Although the UK and EU have agreed a national ‘subsidy control’ regime to replace EU state aid law here, the new regime is still taking form…

Following the end of the transition period, the UK has a new subsidy control regime. Subsidies are, broadly, defined along similar lines to the EU’s definition of ‘state aid’, possibly including – for example – guarantees and tax benefits, as well as direct grants. Going forward, grantors and recipients of future UK government derived subsidies (such as central and local government, charities, not-for-profits and social enterprises) will need to carry out a legal assessment to ensure compliance. The UK’s new regime contains similar transparency provisions to the existing EU state aid regime enabling interested parties to have visibility over possible unlawful subsidies. In the event of non-compliance, subsidies may be subject to recovery, if challenged.

However, the UK’s new regime is (for the most part) no longer under the jurisdiction of the EU and its courts – instead, a new UK independent authority will be established to supervise the granting of subsidies. It had been proposed that the Competition and Markets Authority (CMA) should become the new regulator but this is not definite. The Government issued a consultation on the approach the new regime should take at the beginning of February 2021 with a 31 March 2021 deadline.

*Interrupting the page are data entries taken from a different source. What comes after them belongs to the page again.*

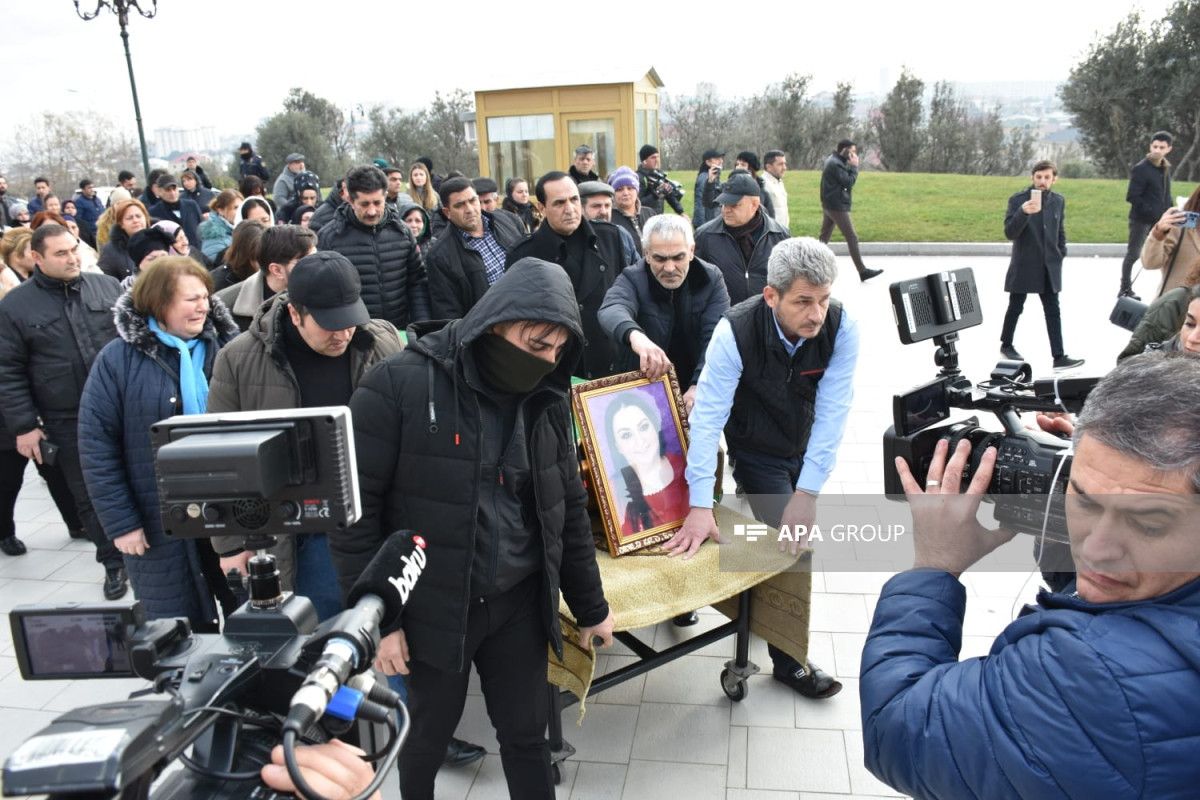 Проходит церемония прощания с Тунзалей Алиевой – ФОТО 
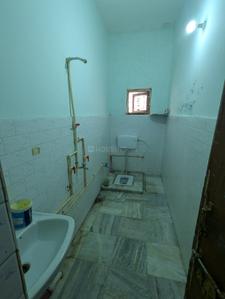 Bathroom Image of 1500 Sq.ft 2 BHK Independent House for rent in Bariatu Ranchi for Rs. 10000
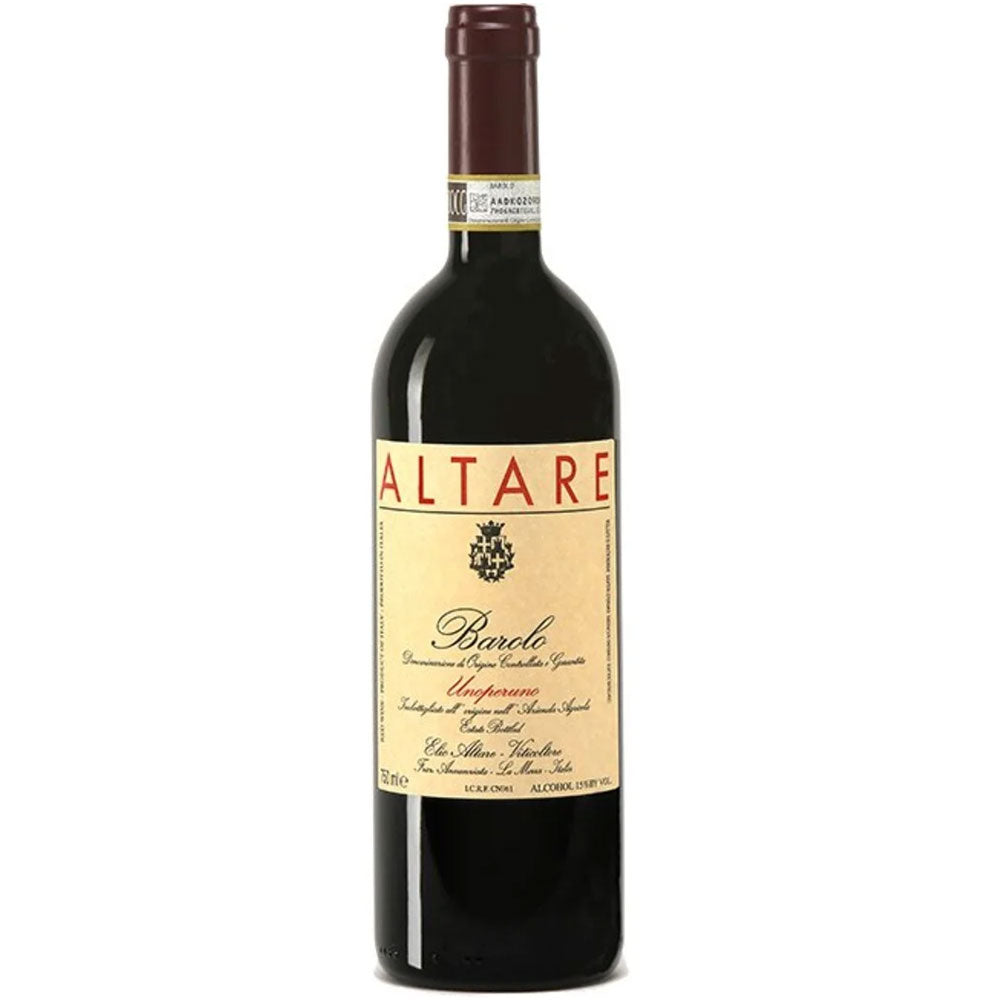 Eine Flasche Elio Altare Barolo Unoperuno DOCG 2020 mit cremefarbenem Etikett und rotem Verschluss hebt sich elegant von einem weißen Hintergrund ab - eine ausgezeichnete Wahl für Liebhaber italienischer Rotweine.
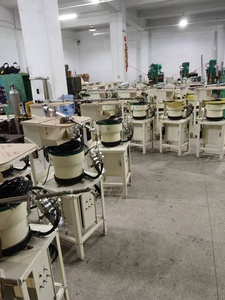 Automatische Moerbout Transporterende Moer Feeder Puntlasmachine - Product Image 5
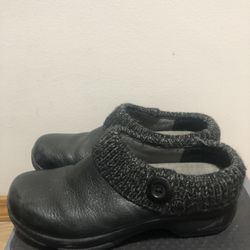 DANSKO Kenzie Women’s Black Leather Sweater Knit Slip On Clog Size 39/8.5US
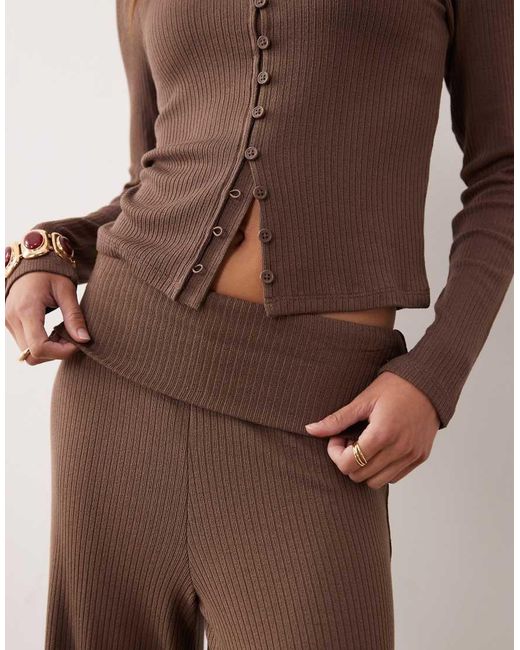 Pantalones Marrón Con Cinturilla Plegada Y Detalle Fruncido De Canalé De ASOS de color Brown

Many of the types of state aid permissible under EU state aid law – including de minimis aid, aid which is for services of general economic interest, and aid relating to a national or global economic emergency (such as in relation to the Covid-19 pandemic permitted under EU state aid law by way of the Temporary Framework) – are also broadly permissible under the new UK regime. However, some legal requirements of the permitted aid, including financial thresholds, now differ. Recipients of subsidies such as charities, not-for-profits and social enterprises should therefore generally continue to be eligible for state funding for which they were previously eligible, but will need to keep abreast of the relevant legal exemptions to ensure their compliance.

It is worth noting that, with a blanket exemption for aid relating to a national or global economic emergency, it is possible that UK organisations will now be able to benefit from greater amounts of aid from the UK’s Covid-19 related packages than was possible under the EU Temporary Framework, subject to broader compliance with the regime. Again this needs to be confirmed by Government

Further, as a result of the Northern Ireland Protocol, the EU’s state aid regime will continue to apply in full where it is possible that a subsidy might affect trade between Northern Ireland and the EU. In addition, any subsidy relevant to Northern Ireland might be subject to both the EU’s state aid regime and the UK’s new subsidy control regime. Organisations with any connection to Northern Ireland should bear this in mind.

Although the UK has now finally agreed with the EU a new UK subsidy control regime to help ensure continued fair trade and cooperation, the practical details of the new regime are as yet undetermined. In particular, relevant Government funding is being administered in the absence of the necessary guidance and bespoke legislation. We will keep you updated as the regime hopefully takes form over the year.